___ DATA SHOWN ___
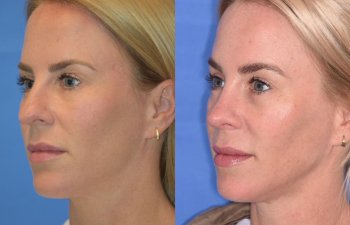 Female patient before and after rhinoplasty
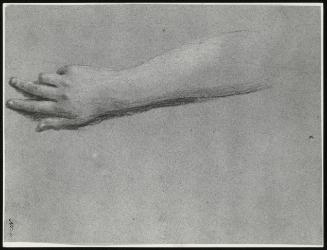 A Lady's Right Hand and Forearm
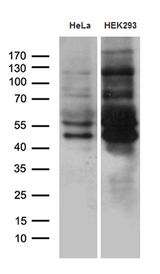 MEIS1 Antibody - Western blot analysis of extracts. (35ug) from 2 different cell lines by using anti-MEIS1 monoclonal antibody. (1:500)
___
WHAT TO DO: Word for word, give the listing above again, but drop any pictures.

EXERCISE SOLUTION:
 Female patient before and after rhinoplasty
 A Lady's Right Hand and Forearm
 MEIS1 Antibody - Western blot analysis of extracts. (35ug) from 2 different cell lines by using anti-MEIS1 monoclonal antibody. (1:500)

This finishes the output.